The woman agreed to come back in a few days.

Meanwhile, Denise and her husband, Roger, prayed earnestly, hoping that God would direct them to what this woman needed.

“I’ve been thinking,” Roger said finally. “Perhaps it isn’t a white-colored Bible she’s after. Perhaps she would appreciate a study Bible that includes quotes from Ellen White.”

When the woman returned a few days later, Denise showed her such a Bible.

“My husband and I thought you would appreciate this,” she said, explaining that Ellen White had helped found the hospital and that she had written many books.

The woman began to shake and appeared visibly frightened.

“What’s the matter?” Denise asked with concern.

“I’m just thinking about this woman who has written so many books,” the woman replied. She held the Bible protectively against her chest. “Yes, this is the Bible for me.”
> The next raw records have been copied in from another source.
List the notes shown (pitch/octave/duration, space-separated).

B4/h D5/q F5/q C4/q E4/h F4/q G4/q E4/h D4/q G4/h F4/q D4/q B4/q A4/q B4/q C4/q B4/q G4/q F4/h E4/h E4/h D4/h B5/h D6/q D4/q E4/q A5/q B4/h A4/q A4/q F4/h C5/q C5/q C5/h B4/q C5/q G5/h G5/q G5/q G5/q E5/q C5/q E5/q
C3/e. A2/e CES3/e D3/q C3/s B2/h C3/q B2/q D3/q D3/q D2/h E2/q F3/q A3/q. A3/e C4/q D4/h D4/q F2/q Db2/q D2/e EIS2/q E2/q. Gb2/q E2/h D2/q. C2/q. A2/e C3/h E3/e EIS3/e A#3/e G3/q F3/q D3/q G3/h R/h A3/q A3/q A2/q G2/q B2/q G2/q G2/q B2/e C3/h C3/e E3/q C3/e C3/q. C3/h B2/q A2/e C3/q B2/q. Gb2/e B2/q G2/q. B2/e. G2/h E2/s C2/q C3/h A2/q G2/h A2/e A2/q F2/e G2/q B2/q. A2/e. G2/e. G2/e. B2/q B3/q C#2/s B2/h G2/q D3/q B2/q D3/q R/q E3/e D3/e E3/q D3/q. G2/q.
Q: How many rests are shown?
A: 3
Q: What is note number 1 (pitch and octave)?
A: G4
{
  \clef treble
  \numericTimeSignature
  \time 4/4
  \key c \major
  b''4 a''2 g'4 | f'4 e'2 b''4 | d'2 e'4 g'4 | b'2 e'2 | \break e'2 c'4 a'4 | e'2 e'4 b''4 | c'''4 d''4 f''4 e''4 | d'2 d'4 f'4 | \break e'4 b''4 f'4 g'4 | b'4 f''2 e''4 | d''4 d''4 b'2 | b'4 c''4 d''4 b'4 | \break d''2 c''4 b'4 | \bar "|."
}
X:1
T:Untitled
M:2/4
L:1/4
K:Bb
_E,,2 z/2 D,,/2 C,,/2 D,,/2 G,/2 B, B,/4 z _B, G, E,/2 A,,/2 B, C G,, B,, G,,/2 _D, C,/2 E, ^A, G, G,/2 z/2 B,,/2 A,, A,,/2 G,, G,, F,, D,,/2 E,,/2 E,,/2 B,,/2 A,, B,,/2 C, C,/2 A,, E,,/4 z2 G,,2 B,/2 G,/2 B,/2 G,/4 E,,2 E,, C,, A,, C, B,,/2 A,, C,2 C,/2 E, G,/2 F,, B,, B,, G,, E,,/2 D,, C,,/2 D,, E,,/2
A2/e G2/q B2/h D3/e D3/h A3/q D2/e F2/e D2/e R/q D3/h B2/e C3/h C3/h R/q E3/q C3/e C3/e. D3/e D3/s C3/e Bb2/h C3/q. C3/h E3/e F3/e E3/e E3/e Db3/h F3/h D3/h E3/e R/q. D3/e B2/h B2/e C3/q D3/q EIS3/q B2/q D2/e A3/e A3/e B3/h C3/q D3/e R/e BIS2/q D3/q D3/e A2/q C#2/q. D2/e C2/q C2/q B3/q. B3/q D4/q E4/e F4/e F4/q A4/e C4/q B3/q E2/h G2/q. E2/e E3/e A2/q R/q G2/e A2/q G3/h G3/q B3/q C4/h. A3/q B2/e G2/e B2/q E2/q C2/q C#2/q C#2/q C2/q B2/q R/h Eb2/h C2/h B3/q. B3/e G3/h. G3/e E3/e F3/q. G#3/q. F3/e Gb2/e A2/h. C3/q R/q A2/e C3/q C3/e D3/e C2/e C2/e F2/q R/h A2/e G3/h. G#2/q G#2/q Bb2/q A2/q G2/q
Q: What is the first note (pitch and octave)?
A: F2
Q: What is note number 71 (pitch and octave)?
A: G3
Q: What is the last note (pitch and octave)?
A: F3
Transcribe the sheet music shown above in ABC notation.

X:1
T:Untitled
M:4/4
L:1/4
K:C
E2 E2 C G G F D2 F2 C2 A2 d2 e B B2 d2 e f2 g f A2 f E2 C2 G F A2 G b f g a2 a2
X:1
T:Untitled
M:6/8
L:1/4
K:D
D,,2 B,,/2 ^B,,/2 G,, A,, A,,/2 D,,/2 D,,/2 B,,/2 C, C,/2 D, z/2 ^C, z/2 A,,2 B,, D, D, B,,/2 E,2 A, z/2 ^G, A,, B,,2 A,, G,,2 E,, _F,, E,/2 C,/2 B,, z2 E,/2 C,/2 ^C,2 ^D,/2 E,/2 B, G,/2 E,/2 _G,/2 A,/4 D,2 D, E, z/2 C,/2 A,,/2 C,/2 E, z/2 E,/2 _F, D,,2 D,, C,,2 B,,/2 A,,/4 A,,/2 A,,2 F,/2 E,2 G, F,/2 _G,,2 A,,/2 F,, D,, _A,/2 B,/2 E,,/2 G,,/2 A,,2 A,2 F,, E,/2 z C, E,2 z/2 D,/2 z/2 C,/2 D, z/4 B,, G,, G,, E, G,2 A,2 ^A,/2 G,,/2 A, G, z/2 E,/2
In addition to the Bible, she purchased several books by White, including The Great Controversy, Desire of Ages, Ministry of Healing, and Steps to Christ.

“Now I have to get back to my husband,” she said. “He’s dying, and we’ve been told that he won’t leave this hospital alive.”

“Would it be alright if I prayed for your husband?” Denise said.

“If you think it’ll make a difference.”

Denise learned that this woman was heavily involved in New Age spirituality and always did what the spirits told her. However, a Christian relative had prayed for her as a child.

“The next time I saw that woman, she and her husband were leaving the hospital together and going back to the South Coast,” Denise told me. “His condition had improved greatly. I believe the long-ago prayers of that Christian relative are being answered.”

This is just one of countless testimonies that have arisen from this bookshop’s witness.

“Wherever you are, whatever you’re doing, God can use you,” Denise said. “May your job be more than a paycheck. May it be a mission field.”